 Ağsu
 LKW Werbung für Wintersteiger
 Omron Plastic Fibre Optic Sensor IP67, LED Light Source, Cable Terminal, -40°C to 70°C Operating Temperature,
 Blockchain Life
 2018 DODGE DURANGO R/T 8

==

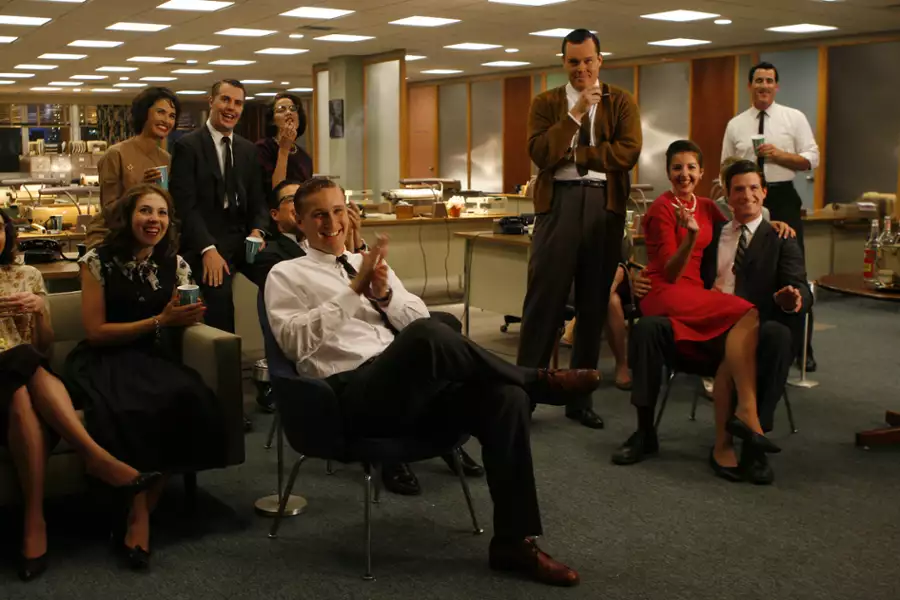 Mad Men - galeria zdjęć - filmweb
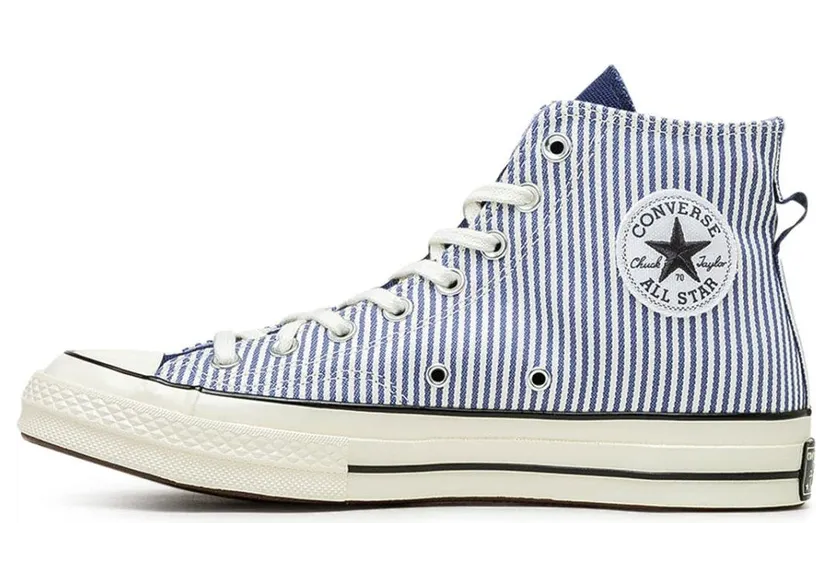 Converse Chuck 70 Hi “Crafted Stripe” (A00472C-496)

• _DIRECTIONS_:
Reproduce, exactly as they stand in the data above, the lines from the one that holds "LKW Werbung für Wintersteiger" to the one that holds "2018 DODGE DURANGO R/T 8", inclusive.

• _WRITTEN SOLUTION_:
 LKW Werbung für Wintersteiger
 Omron Plastic Fibre Optic Sensor IP67, LED Light Source, Cable Terminal, -40°C to 70°C Operating Temperature,
 Blockchain Life
 2018 DODGE DURANGO R/T 8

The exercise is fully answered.